Pins are persistent, they stay in place until you manually remove them. This is intentional. You're not going to lose track of a critical renewal just because you closed the browser tab. For MSPs running quarterly business reviews with customers, I'd recommend pinning any subscription up for renewal in the next 90 days about two weeks before that QBR so it's always front-of-mind.
The February 2025 update added a Licenses tab inside the subscription renewals detail pane. Select any tenant from the Subscription renewals list, open the detail pane, and switch to the Licenses tab to see exactly how many licenses are assigned per subscription plan for that tenant. This is the data you need before a renewal conversation, knowing whether a customer is sitting on 40 unused seats of Microsoft 365 Business Premium changes the renewal discussion entirely.
Sales Advisor inside Microsoft 365 Lighthouse is the tool most MSPs ignore but shouldn't. The February 2025 update added an Opportunity column to the Subscription renewals page, which surfaces potential upsell and cross-sell opportunities tied to the renewal conversation you're already having.

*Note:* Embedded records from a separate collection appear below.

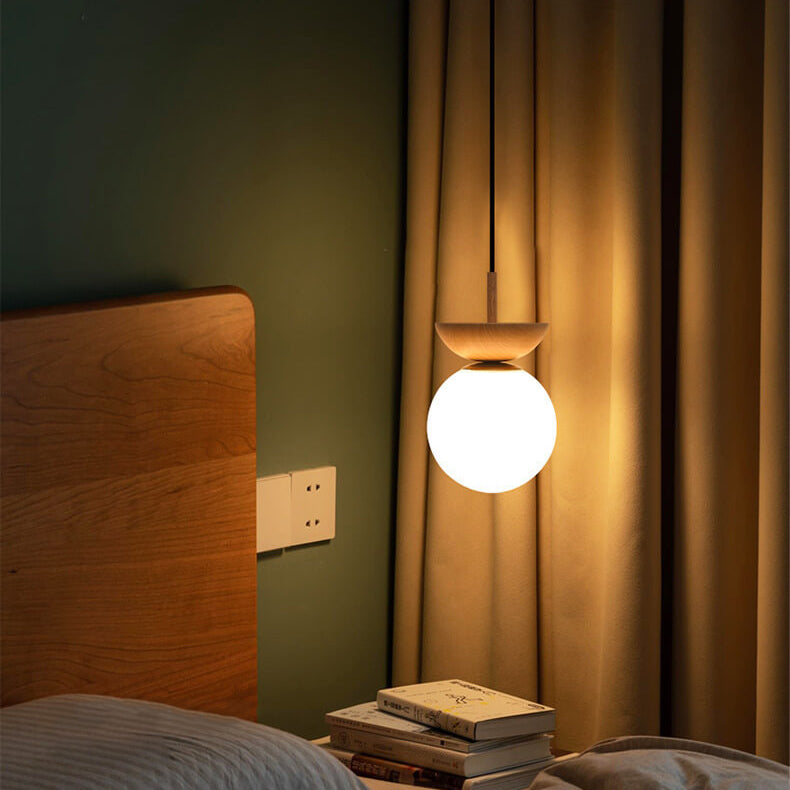 Plafonnier japonais en bois - Éclairage élégant et zen pour votre intérieur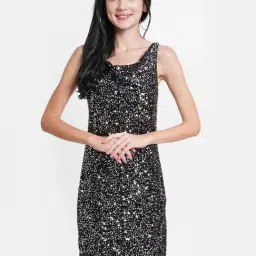 DODO & MOA Black Embellished Shift Dress-picture-38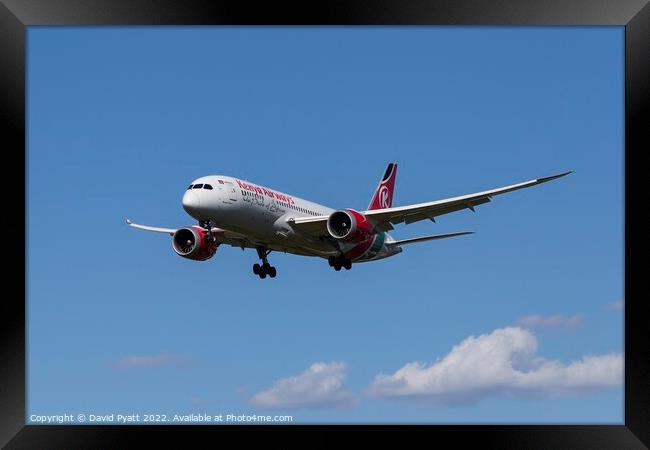 Kenya Airways Boeing 787 Framed Print by David Pyatt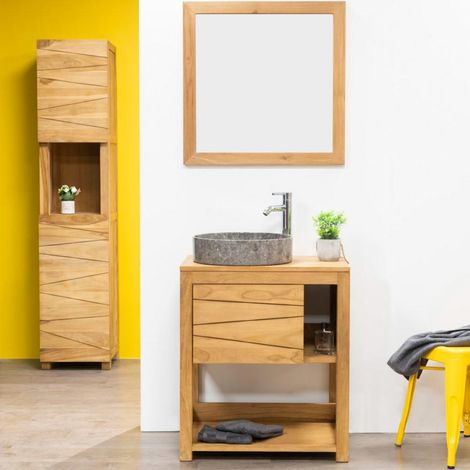 Mueble para cuarto de baño de teca Cosy 67 cm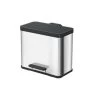 Prullenbak Oko Trio Plus 3x9 RVS L - Hailo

The logic is sound: if a customer is renewing Microsoft 365 Business Standard and they have 20+ users, flagging Microsoft 365 Business Premium or Microsoft Copilot as an opportunity during that renewal discussion is exactly the right moment.
The bigger workflow improvement came with the new Group and Product filters on the Opportunities page, also added in February 2025:
- In Lighthouse, select Sales Advisor > Opportunities from the left navigation.
- Use the Group filter to select either:
- New, opportunities added since you last opened Sales Advisor. Check this first every time you open the tool so you don't miss fresh leads.
- High priority, opportunities ranked by upcoming renewal dates, seat size, and product relevance. These are the deals most likely to close.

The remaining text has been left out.